Command line flags for cosmosis

You can view command line flags for cosmosis using the command:

cosmosis --help

Parallelization

The two flags --mpi and --smp run the code in parallel.

The MPI flag runs the code under MPI, which means different processes are launched and communicate with each other. This requires the MPI runtime to be installed, and you must run cosmosis with the mpirun command first. This will depend on the details of your system, but usually a command like:

mpirun -n 4 cosmosis --mpi params.ini

will run CosmoSIS using 4 processes. All the parallel cosmosis samplers can run under MPI, and it can be used on large machines like supercomputers across nodes.

The SMP flag runs with the python multiprocessing module, which starts one process and then forks new ones. You would use it like this:

cosmosis --smp 4 params.ini

Most of the cosmosis samplers can use SMP, but not the Multinest or Polychord samplers. It can only run on single nodes of larger machines.

Debugging

CosmoSIS has two commands that help with debugging, --pdb and --segfaults.

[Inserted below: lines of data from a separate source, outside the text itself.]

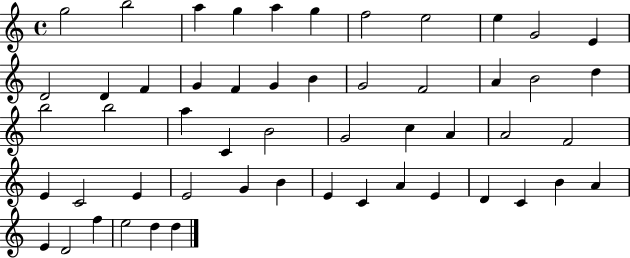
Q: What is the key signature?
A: C major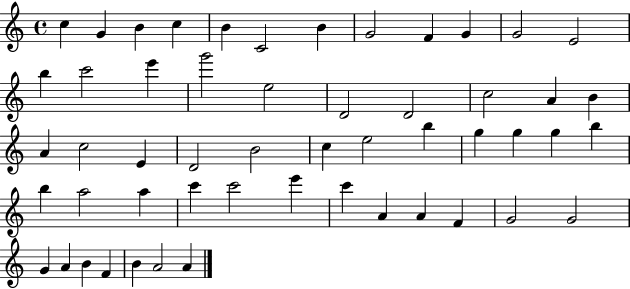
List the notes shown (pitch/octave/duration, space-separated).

C5/q G4/q B4/q C5/q B4/q C4/h B4/q G4/h F4/q G4/q G4/h E4/h B5/q C6/h E6/q G6/h E5/h D4/h D4/h C5/h A4/q B4/q A4/q C5/h E4/q D4/h B4/h C5/q E5/h B5/q G5/q G5/q G5/q B5/q B5/q A5/h A5/q C6/q C6/h E6/q C6/q A4/q A4/q F4/q G4/h G4/h G4/q A4/q B4/q F4/q B4/q A4/h A4/q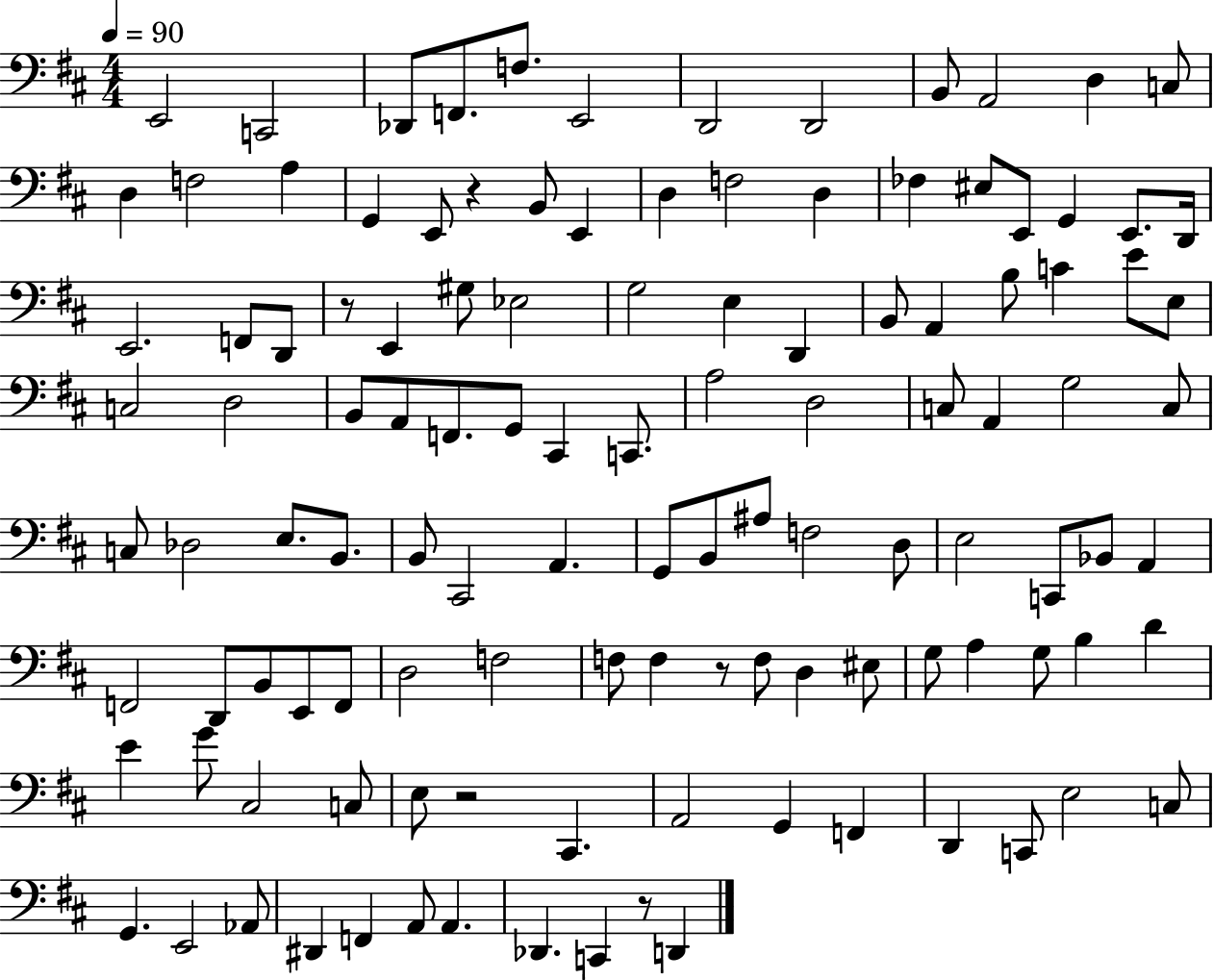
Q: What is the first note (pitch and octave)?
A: E2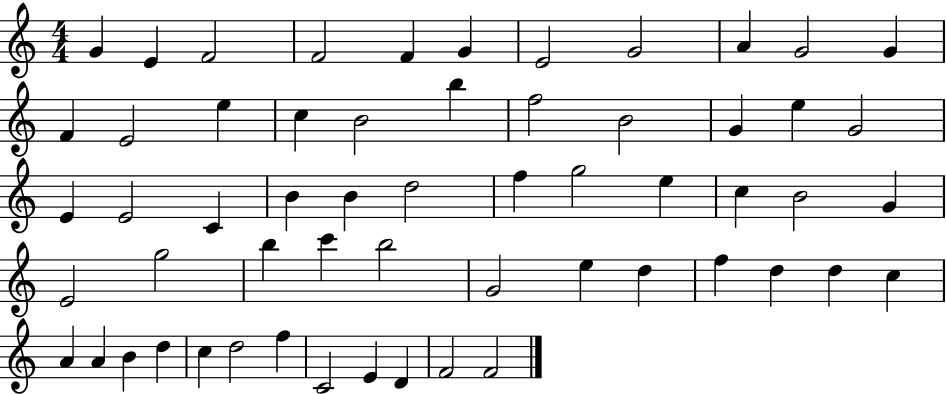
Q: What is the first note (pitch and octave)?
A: G4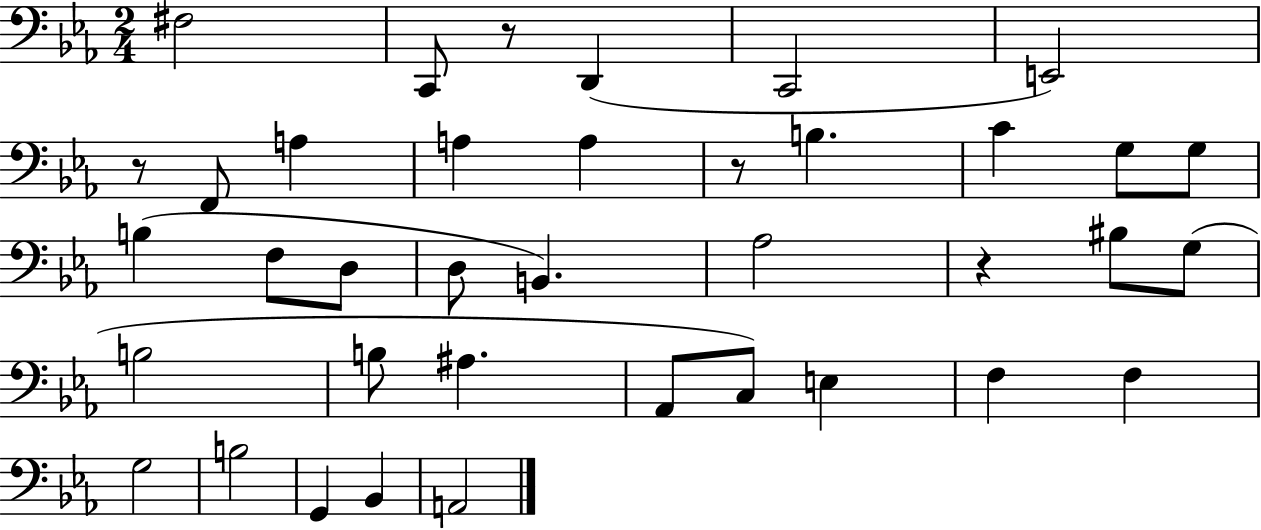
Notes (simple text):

F#3/h C2/e R/e D2/q C2/h E2/h R/e F2/e A3/q A3/q A3/q R/e B3/q. C4/q G3/e G3/e B3/q F3/e D3/e D3/e B2/q. Ab3/h R/q BIS3/e G3/e B3/h B3/e A#3/q. Ab2/e C3/e E3/q F3/q F3/q G3/h B3/h G2/q Bb2/q A2/h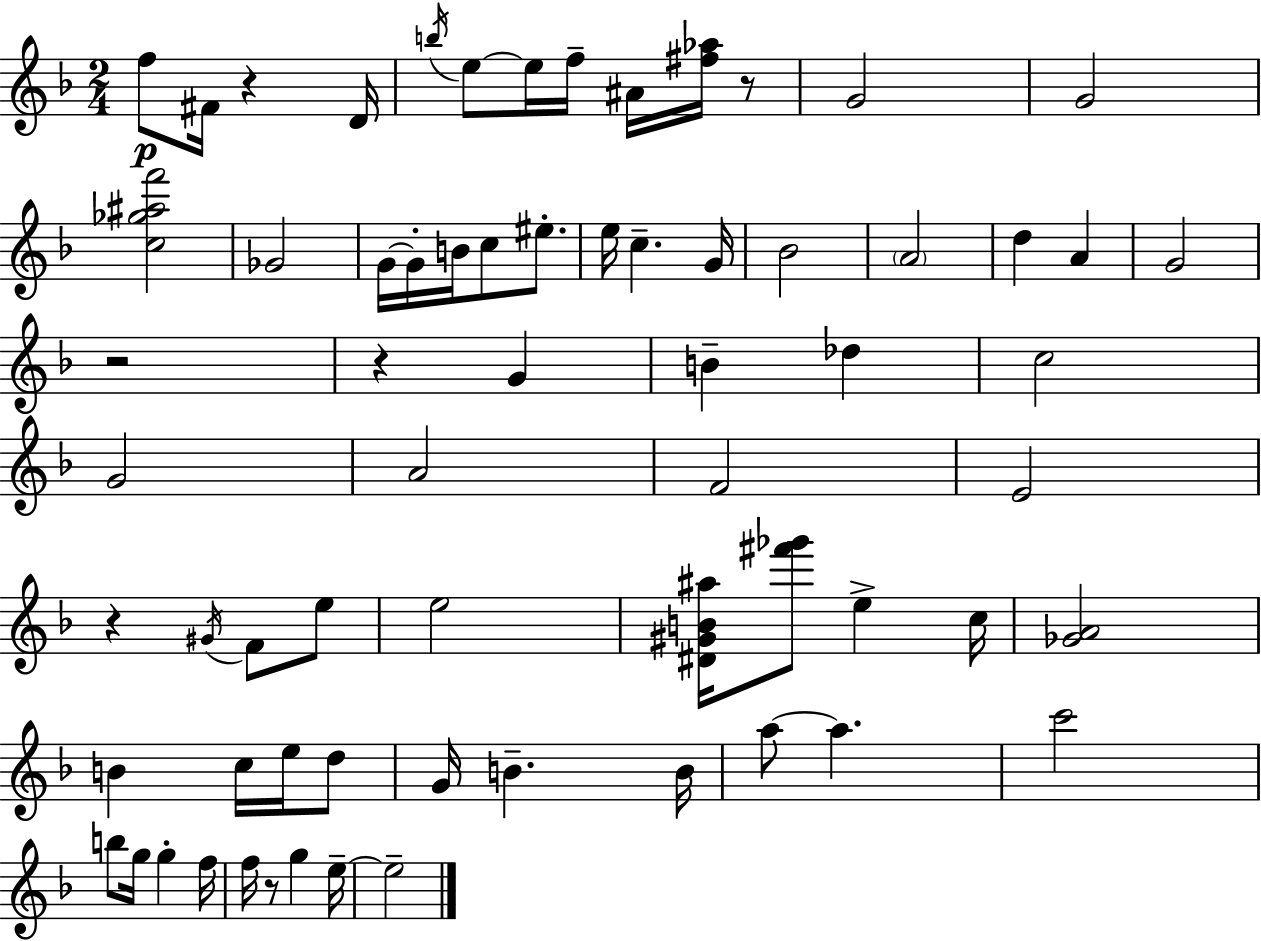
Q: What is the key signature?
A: D minor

If your code fails and crashes while running any python module (not C, C++, or Fortran) then the --pdb flag will mean rather than just crashing the code will stop at the point of the error and you will enter the python debugger, PDB. You can read about how to use this debugger here: https://docs.python.org/3/library/pdb.html

The --segfaults flag means that if your code crashes during a C, C++, or Fortran module you will get a traceback listing which functions were being run at the time.

Overriding Parameter Files

It can be useful to override parameters specified in the configuration files on the command line - this can let you launch a variety of different runs with the same file. The -p and -v flags let you override parameters in the main (params.ini) and values files respectively.

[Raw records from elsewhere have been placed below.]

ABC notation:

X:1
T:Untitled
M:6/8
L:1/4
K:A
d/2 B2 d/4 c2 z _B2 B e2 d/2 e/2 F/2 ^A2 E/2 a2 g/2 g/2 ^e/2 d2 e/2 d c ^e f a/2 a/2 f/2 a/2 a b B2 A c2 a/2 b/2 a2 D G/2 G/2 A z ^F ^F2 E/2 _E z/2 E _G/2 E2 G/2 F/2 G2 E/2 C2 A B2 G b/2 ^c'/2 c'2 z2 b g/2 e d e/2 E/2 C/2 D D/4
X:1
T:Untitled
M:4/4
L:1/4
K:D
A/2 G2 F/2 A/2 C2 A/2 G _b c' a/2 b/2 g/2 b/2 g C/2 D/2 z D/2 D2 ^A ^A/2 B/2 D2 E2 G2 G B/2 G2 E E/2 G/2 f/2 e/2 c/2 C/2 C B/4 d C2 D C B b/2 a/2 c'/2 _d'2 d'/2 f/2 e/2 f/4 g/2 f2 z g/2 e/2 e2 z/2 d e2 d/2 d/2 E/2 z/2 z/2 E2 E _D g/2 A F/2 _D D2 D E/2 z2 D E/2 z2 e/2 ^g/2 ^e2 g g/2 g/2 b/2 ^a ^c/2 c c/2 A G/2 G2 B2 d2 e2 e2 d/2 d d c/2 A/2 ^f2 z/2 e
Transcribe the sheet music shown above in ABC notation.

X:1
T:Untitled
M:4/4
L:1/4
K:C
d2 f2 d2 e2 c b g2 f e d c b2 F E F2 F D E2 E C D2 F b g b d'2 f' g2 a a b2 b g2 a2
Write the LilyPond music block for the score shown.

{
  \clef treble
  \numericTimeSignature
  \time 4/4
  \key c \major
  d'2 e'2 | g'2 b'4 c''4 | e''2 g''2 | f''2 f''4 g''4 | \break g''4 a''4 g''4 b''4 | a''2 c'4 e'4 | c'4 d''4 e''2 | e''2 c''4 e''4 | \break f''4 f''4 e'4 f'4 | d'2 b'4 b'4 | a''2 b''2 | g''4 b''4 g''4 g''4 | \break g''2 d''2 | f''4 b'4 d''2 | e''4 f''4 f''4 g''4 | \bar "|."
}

You can override any number of parameters in the main parameter file like this:

cosmosis params.ini -p section1.name1=value  section2.name2=value ...

For example, this command would change the sampler being used to emcee instead of its current value:

cosmosis params.ini -p runtime.sampler=test

The -v command is used exactly the same way but for the values file, for example, this would change one of the parameter ranges in demo 5:

cosmosis demos/demo5.ini  -v cosmological_parameters.omega_m="0.2 0.3 0.5"

Note the quotations marks above, which are needed when there are spaces in the parameter value.

You can also use the flag --only section--name to fix all parameters except for the one called name in section to their default values.